• [Requirement] Repeat each line of the material below exactly as it appears, minus any pictures.

• [Dataset section]

--- --- ---

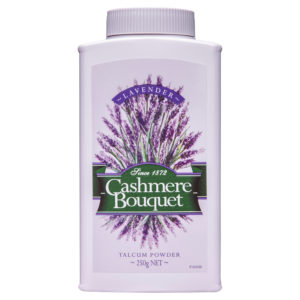 Cashmere Bouquet Talcum Powder, 250g, Fresh Lavender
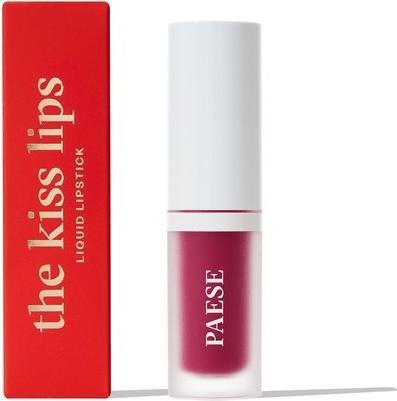 Paese Paeseset The Kiss Lips Lippenstift 05 Himbeerrot - 34ml (05 Raspberry Red)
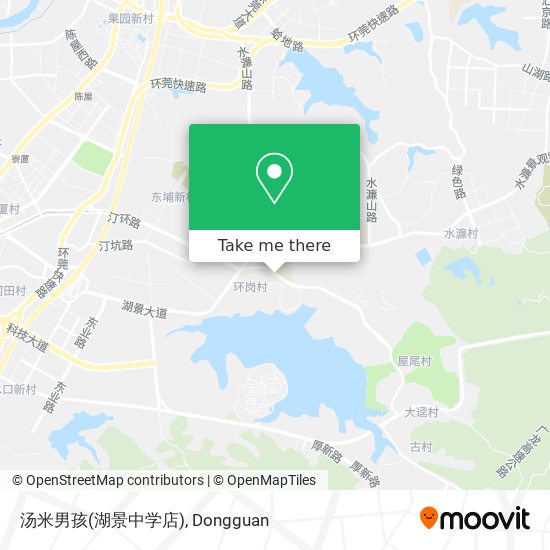 汤米男孩(湖景中学店) map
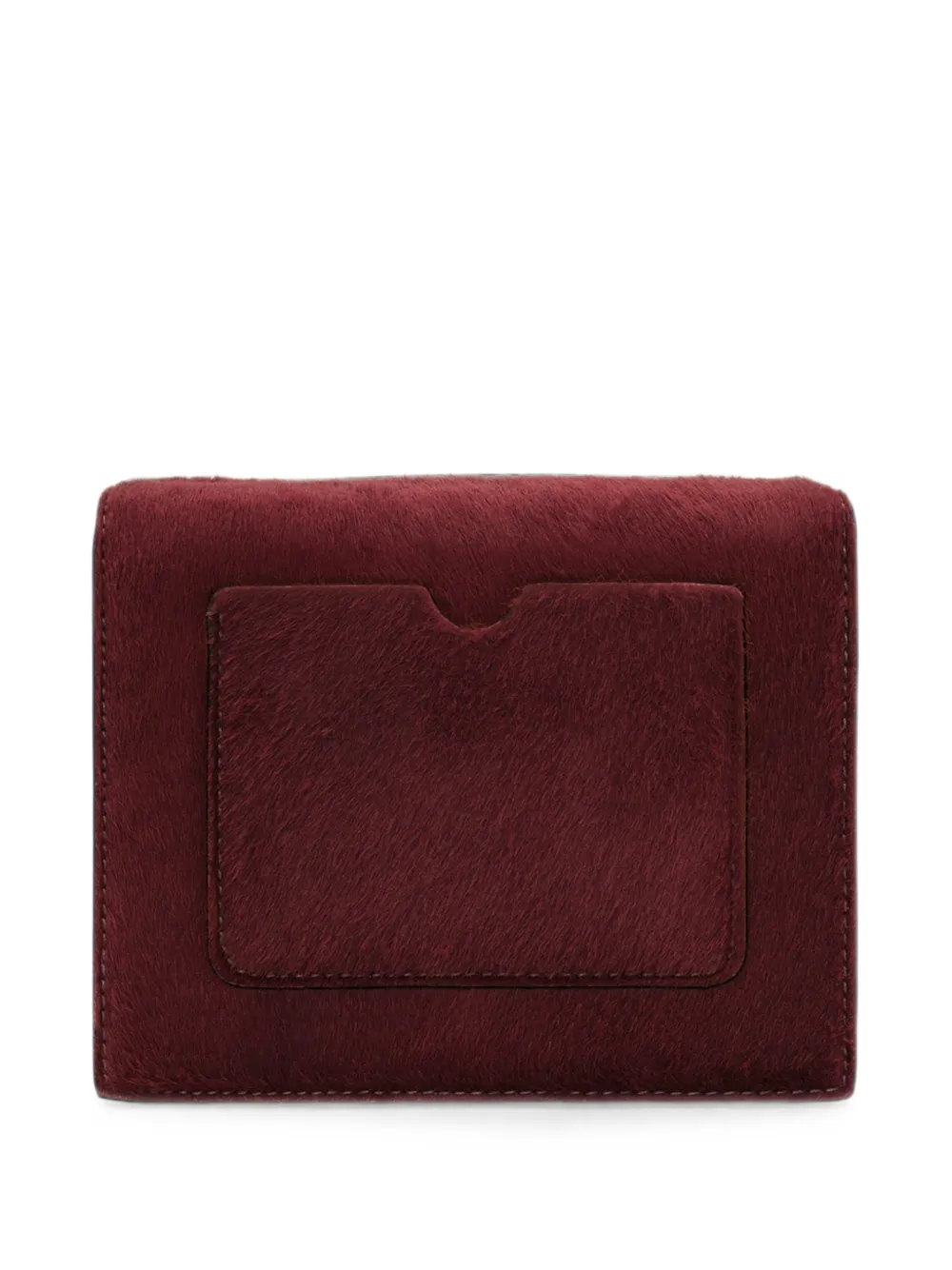 Oscar de la Renta TRO mini-clutch met bloemapplicatie Rood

--- --- ---

• [Exercise answer]
 Cashmere Bouquet Talcum Powder, 250g, Fresh Lavender
 Paese Paeseset The Kiss Lips Lippenstift 05 Himbeerrot - 34ml (05 Raspberry Red)
 汤米男孩(湖景中学店) map
 Oscar de la Renta TRO mini-clutch met bloemapplicatie Rood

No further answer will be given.